The court dismissed the plea of a woman, Darshna, who had challenged the order of a district magistrate, that had directed her to vacate the first-floor of the house of her in-laws she had occupied.
The court observed that it was relevant to note that Darshna had no right, title and interest in the premises and, therefore, could not insist on residing with her father-in-law Dhani Ram and his wife. The court also cited that especially when the relationship between the said parties had deteriorated to a large extent, it would not be just to allow her to reside in the same premise.

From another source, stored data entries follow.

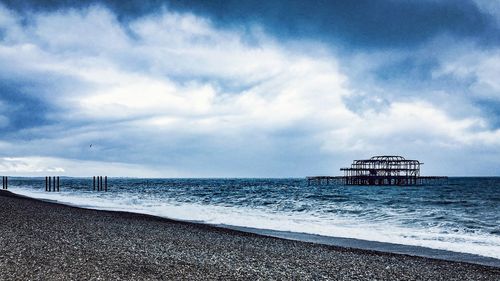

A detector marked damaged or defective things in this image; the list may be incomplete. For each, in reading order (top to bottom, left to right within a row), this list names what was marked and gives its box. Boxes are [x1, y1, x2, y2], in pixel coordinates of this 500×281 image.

rusted iron structure [306, 155, 448, 186]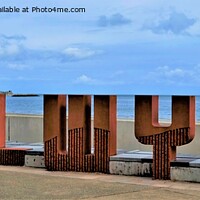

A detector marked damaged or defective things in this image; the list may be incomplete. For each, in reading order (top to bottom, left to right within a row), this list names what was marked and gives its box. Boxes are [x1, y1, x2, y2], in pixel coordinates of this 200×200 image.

rusted steel letter [134, 95, 195, 180]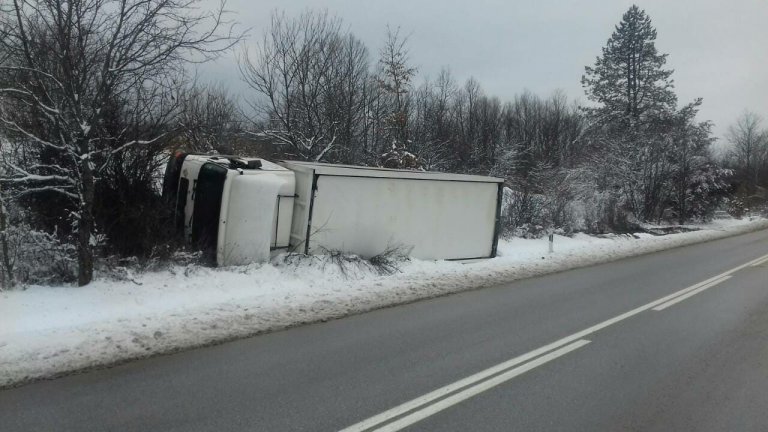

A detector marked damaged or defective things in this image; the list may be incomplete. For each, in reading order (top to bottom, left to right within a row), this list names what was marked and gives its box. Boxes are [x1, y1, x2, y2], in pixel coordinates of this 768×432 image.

overturned white truck [162, 154, 504, 264]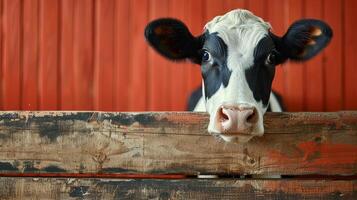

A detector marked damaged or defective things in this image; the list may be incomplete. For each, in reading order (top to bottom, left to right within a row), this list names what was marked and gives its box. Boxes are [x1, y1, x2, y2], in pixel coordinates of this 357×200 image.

peeling paint on wood [0, 111, 354, 176]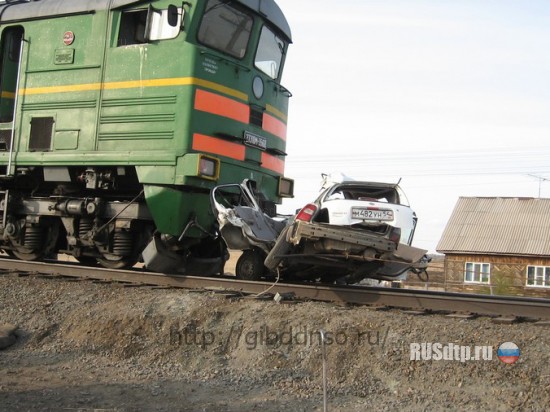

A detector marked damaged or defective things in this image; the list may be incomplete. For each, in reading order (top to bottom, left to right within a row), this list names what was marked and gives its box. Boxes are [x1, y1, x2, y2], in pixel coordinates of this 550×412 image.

crushed white car [212, 174, 432, 284]
mangled car body [212, 175, 432, 284]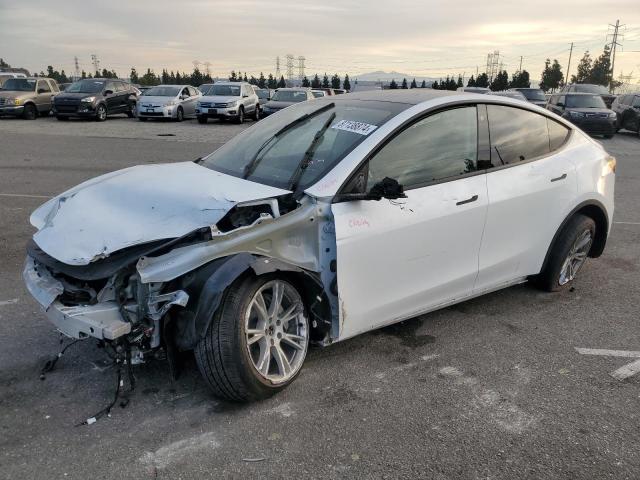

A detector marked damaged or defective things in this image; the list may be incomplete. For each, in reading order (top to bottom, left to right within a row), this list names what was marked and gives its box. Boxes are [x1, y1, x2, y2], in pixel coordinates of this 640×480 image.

detached front bumper [22, 256, 131, 340]
crumpled front hood [30, 161, 290, 266]
damaged white car [23, 90, 616, 402]
dented driver door [332, 104, 488, 342]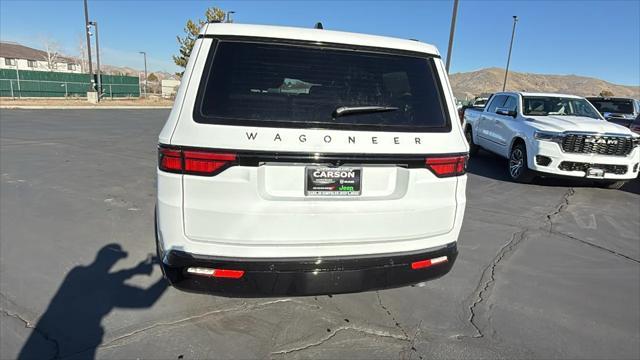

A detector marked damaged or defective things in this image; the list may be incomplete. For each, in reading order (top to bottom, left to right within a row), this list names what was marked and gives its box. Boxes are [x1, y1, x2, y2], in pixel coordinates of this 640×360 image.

pavement crack [552, 229, 640, 262]
pavement crack [1, 308, 59, 358]
pavement crack [272, 324, 410, 356]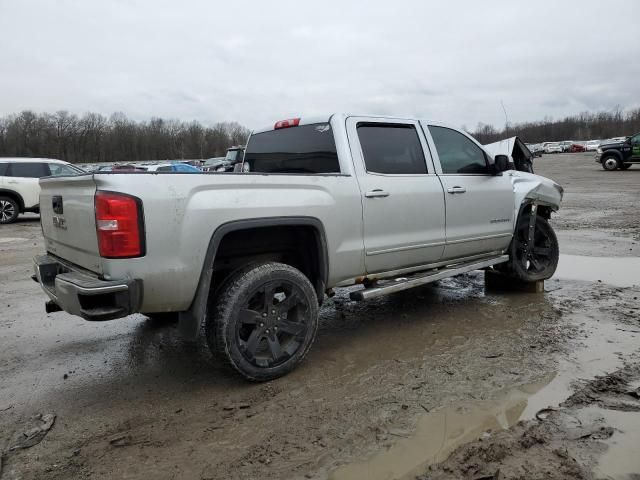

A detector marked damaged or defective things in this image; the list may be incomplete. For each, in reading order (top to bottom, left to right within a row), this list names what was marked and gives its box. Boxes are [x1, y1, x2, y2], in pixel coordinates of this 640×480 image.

damaged front bumper [32, 253, 141, 320]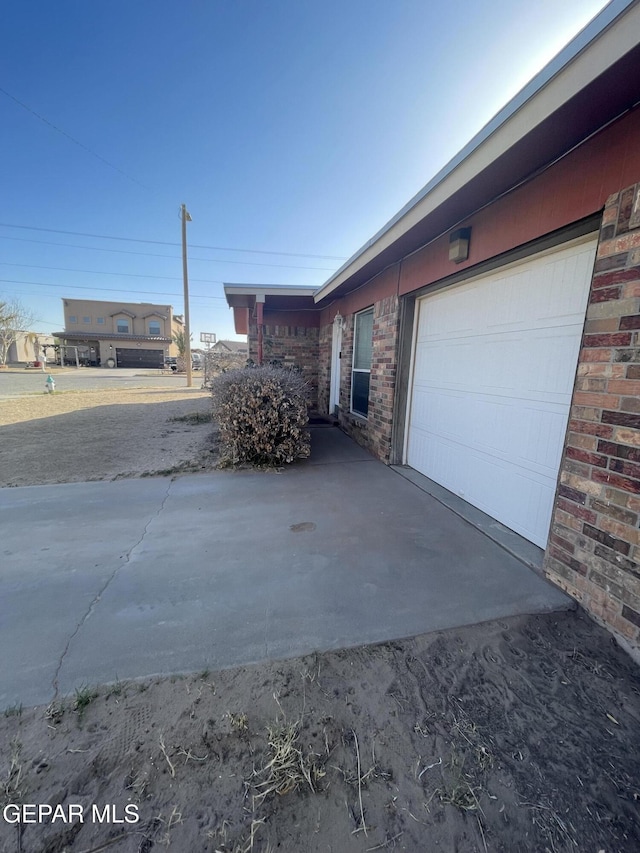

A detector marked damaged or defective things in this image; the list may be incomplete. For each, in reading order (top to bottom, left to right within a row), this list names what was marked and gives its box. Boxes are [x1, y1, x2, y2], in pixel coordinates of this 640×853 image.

crack in concrete [50, 480, 174, 700]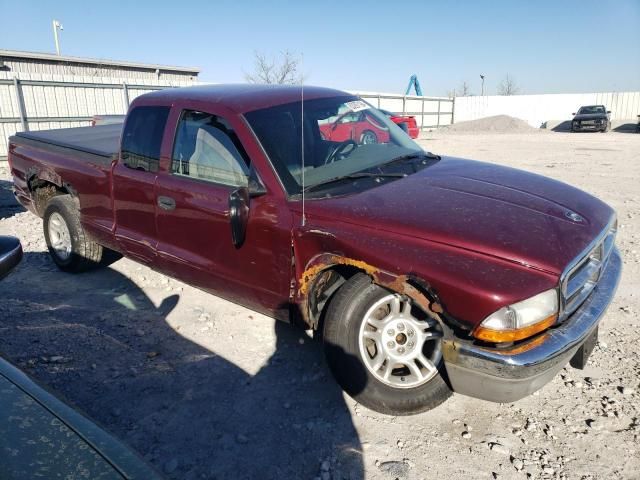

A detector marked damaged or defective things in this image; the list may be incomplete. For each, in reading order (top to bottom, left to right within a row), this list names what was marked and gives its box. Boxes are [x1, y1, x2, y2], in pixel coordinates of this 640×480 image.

damaged bumper [444, 248, 620, 402]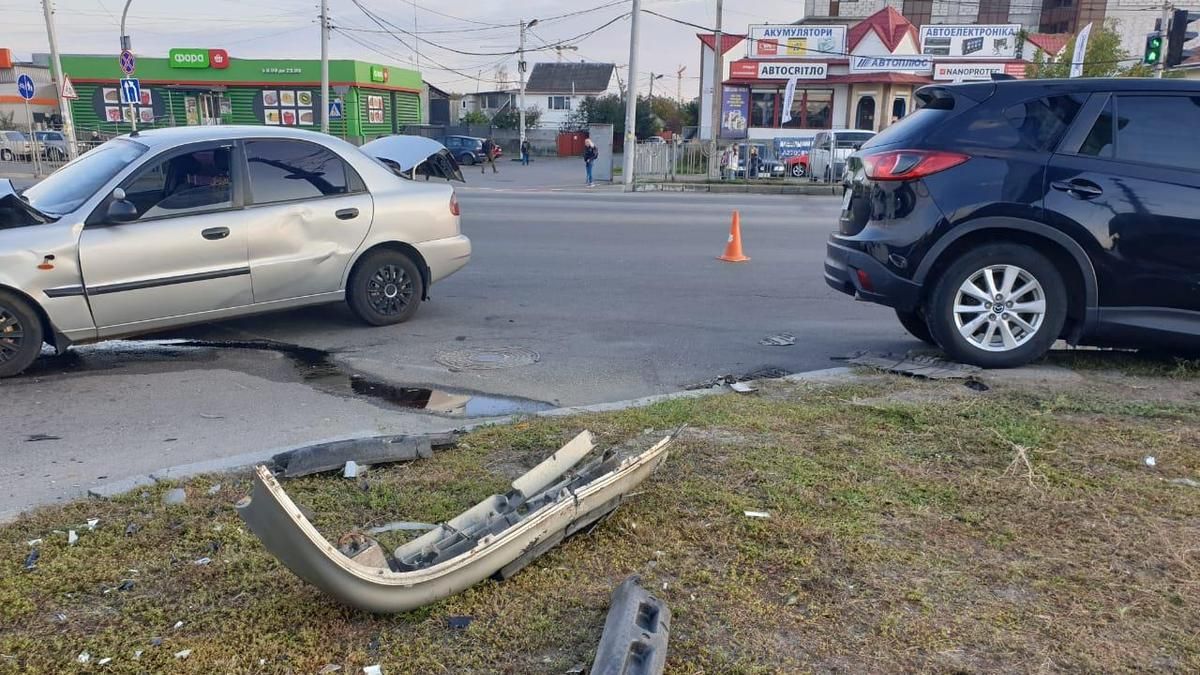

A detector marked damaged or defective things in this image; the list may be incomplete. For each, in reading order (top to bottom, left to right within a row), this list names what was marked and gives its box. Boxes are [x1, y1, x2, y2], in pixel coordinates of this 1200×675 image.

damaged silver car [0, 127, 468, 372]
dented car door [241, 138, 372, 300]
detached car bumper [420, 234, 470, 283]
detached car bumper [825, 236, 916, 309]
broken front bumper [234, 429, 667, 614]
damaged silver car [236, 429, 676, 614]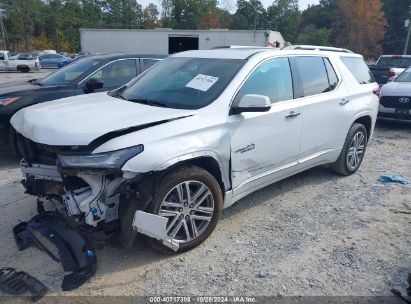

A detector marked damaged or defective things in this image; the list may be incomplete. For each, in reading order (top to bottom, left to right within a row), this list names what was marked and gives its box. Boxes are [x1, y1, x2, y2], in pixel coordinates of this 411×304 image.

broken headlight [57, 145, 145, 171]
crumpled hood [11, 91, 195, 146]
damaged white suv [11, 46, 382, 253]
wrecked fender [12, 211, 96, 292]
damaged bumper [12, 211, 96, 292]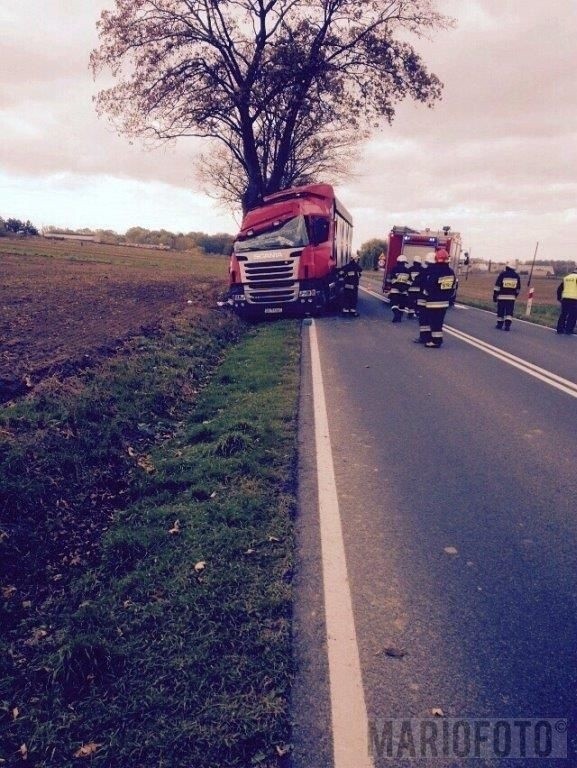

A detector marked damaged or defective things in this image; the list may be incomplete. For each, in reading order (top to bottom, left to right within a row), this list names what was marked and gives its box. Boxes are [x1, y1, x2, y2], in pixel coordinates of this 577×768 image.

broken windshield [233, 214, 310, 254]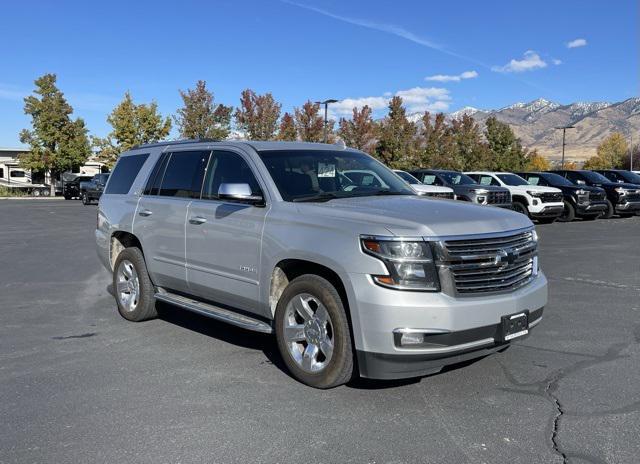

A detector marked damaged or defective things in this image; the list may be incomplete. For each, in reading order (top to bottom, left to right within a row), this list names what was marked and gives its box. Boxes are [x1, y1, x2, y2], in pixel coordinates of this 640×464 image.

cracked pavement [1, 200, 640, 464]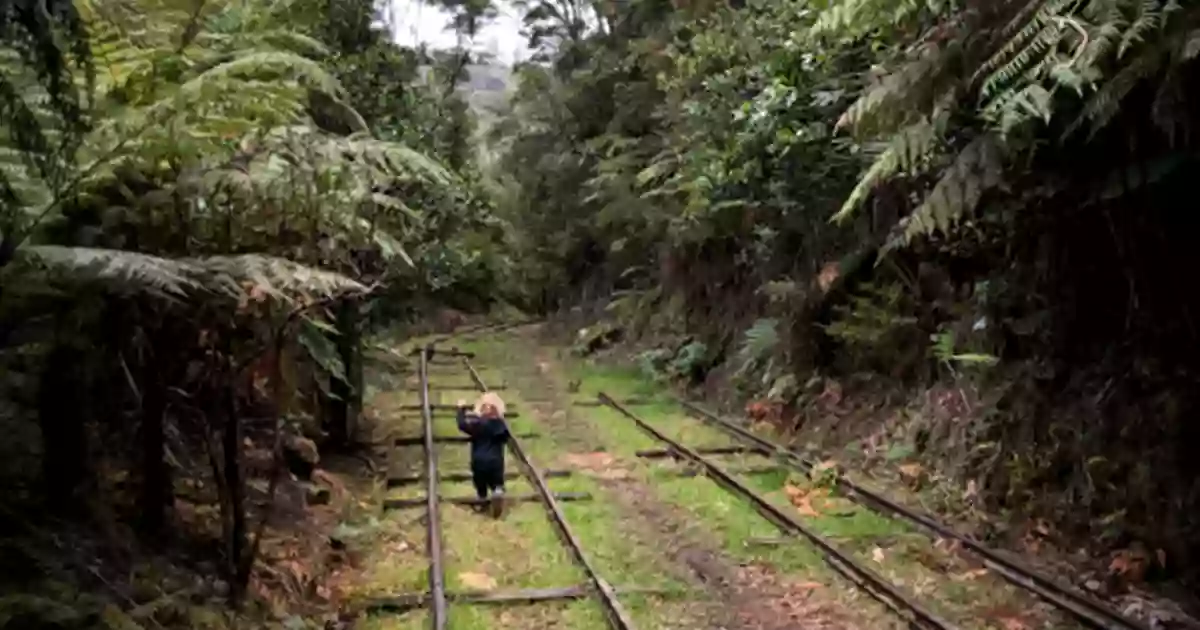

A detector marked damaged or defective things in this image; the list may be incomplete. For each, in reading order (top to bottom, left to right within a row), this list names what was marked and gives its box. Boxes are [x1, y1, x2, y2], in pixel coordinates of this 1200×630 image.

rusty steel rail [415, 345, 448, 624]
rusty steel rail [465, 357, 643, 628]
rusty steel rail [597, 393, 955, 628]
rusty steel rail [681, 398, 1147, 628]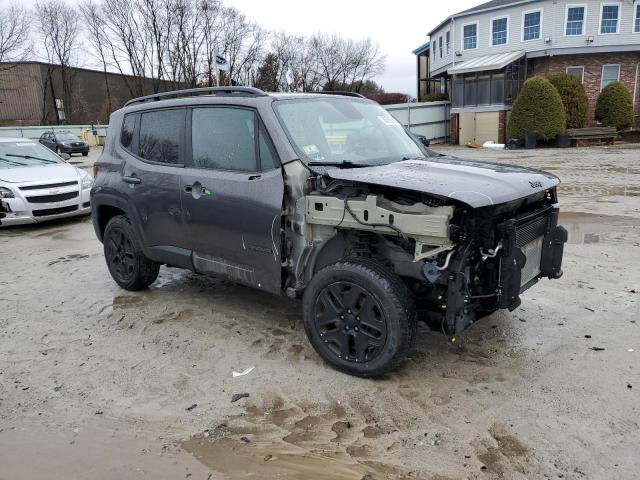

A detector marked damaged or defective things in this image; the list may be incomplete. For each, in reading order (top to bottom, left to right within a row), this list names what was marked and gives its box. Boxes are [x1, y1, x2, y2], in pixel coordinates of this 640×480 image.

crumpled hood [0, 162, 81, 183]
crumpled hood [324, 157, 560, 207]
damaged gray suv [91, 88, 564, 376]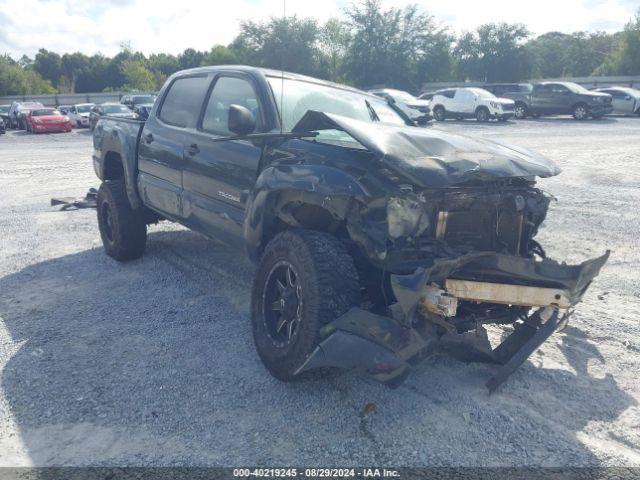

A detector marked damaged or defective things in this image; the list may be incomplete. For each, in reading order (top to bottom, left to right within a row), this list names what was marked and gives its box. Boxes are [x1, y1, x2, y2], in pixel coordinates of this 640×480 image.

crumpled hood [292, 111, 564, 188]
damaged pickup truck [92, 66, 608, 390]
front end damage [290, 109, 608, 390]
detached bumper [298, 251, 608, 390]
front end damage [298, 251, 608, 390]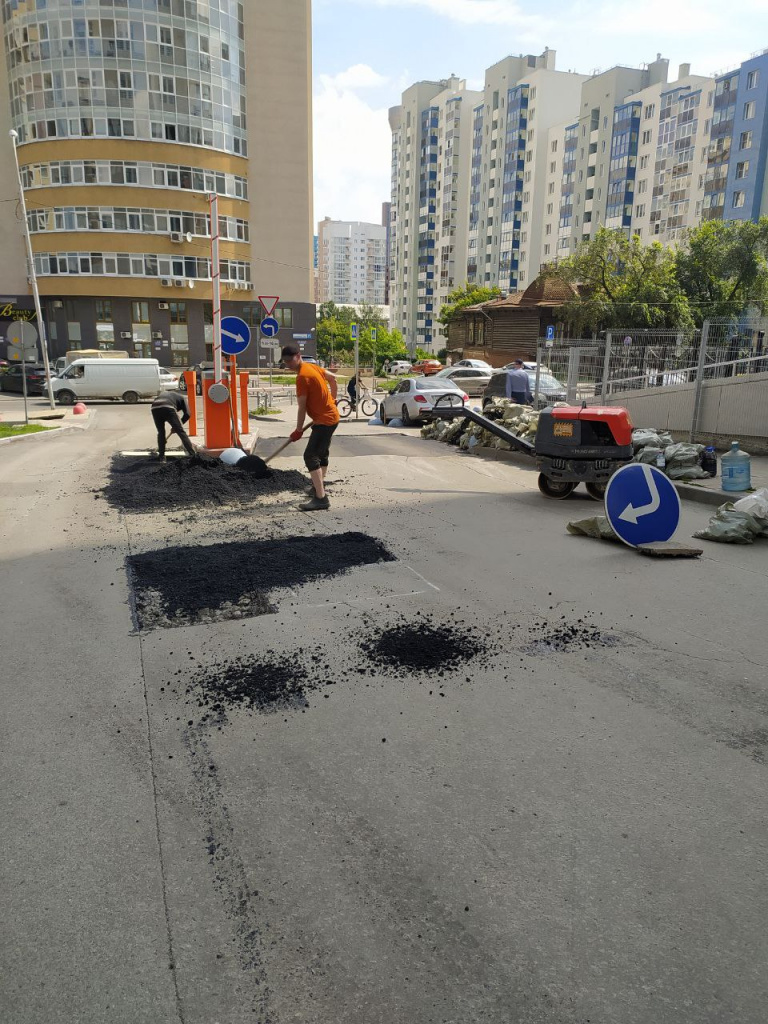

- Disputes arose between Darshna and her husband and also she had developed uncordial relations with her 75-year-old father-in-law Dhani Ram and his wife
- While she had instituted domestic violence proceedings against the in-laws, her husband had filed a divorce case against her
- Darshna’s husband was not staying at his parents’ place for the past several months
- Meanwhile, Dhani Ram filed a plea before the district magistrate, seeking eviction of his son and daughter-in-law from the premises
- Appearing for Darshna, her counsel contended that the Delhi Maintenance and Welfare of Parents and Senior Citizens (Amendment) Rules, 2016, only enabled a senior citizen to evict his son and daughter or legal heirs from his self-acquired property on account of non-maintenance and ill-treatment
- He said the property in question was not Dhani Ram’s self-acquired property and his application for eviction was not maintainable
- However, the court said that such a contention was “unmerited”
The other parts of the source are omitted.